[Dataset Boundary: Start]
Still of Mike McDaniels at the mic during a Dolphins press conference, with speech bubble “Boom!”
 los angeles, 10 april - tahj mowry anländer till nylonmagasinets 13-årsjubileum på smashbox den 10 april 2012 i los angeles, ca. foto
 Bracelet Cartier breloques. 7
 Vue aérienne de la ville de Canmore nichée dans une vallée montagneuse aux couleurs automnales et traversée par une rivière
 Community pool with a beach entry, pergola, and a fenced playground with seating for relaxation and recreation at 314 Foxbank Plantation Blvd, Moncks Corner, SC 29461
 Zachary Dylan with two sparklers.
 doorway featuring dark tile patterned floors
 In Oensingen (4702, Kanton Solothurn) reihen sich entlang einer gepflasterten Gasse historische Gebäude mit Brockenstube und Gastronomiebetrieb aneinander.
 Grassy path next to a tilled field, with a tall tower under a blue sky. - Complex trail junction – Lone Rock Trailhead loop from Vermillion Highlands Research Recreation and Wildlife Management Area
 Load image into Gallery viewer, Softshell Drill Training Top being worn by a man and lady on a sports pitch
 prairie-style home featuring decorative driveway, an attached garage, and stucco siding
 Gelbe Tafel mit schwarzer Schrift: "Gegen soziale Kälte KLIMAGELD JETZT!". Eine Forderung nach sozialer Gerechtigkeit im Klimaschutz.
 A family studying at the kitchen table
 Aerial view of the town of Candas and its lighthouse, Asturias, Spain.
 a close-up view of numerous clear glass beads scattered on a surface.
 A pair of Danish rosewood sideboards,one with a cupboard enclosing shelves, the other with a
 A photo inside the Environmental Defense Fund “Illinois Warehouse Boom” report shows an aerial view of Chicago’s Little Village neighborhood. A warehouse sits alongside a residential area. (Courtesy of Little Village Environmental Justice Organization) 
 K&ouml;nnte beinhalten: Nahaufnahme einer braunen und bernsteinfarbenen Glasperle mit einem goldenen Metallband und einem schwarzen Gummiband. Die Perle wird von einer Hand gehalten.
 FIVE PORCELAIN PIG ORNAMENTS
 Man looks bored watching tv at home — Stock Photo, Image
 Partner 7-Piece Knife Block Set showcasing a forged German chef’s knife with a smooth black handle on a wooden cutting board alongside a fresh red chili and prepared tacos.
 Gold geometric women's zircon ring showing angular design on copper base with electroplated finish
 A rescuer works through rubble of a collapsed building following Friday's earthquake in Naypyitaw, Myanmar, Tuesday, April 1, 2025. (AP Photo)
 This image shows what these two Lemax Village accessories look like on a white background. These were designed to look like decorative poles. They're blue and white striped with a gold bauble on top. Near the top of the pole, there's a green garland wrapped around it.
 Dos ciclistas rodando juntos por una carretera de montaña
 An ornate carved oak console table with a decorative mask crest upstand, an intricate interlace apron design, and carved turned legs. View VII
[Dataset Boundary: End]
# What to work on
Looking at the entries above, can you reproduce exactly the lines from the one that holds "a close-up view" through the one that holds "Gold geometric women's", and only those?

# Written response
 a close-up view of numerous clear glass beads scattered on a surface.
 A pair of Danish rosewood sideboards,one with a cupboard enclosing shelves, the other with a
 A photo inside the Environmental Defense Fund “Illinois Warehouse Boom” report shows an aerial view of Chicago’s Little Village neighborhood. A warehouse sits alongside a residential area. (Courtesy of Little Village Environmental Justice Organization) 
 K&ouml;nnte beinhalten: Nahaufnahme einer braunen und bernsteinfarbenen Glasperle mit einem goldenen Metallband und einem schwarzen Gummiband. Die Perle wird von einer Hand gehalten.
 FIVE PORCELAIN PIG ORNAMENTS
 Man looks bored watching tv at home — Stock Photo, Image
 Partner 7-Piece Knife Block Set showcasing a forged German chef’s knife with a smooth black handle on a wooden cutting board alongside a fresh red chili and prepared tacos.
 Gold geometric women's zircon ring showing angular design on copper base with electroplated finish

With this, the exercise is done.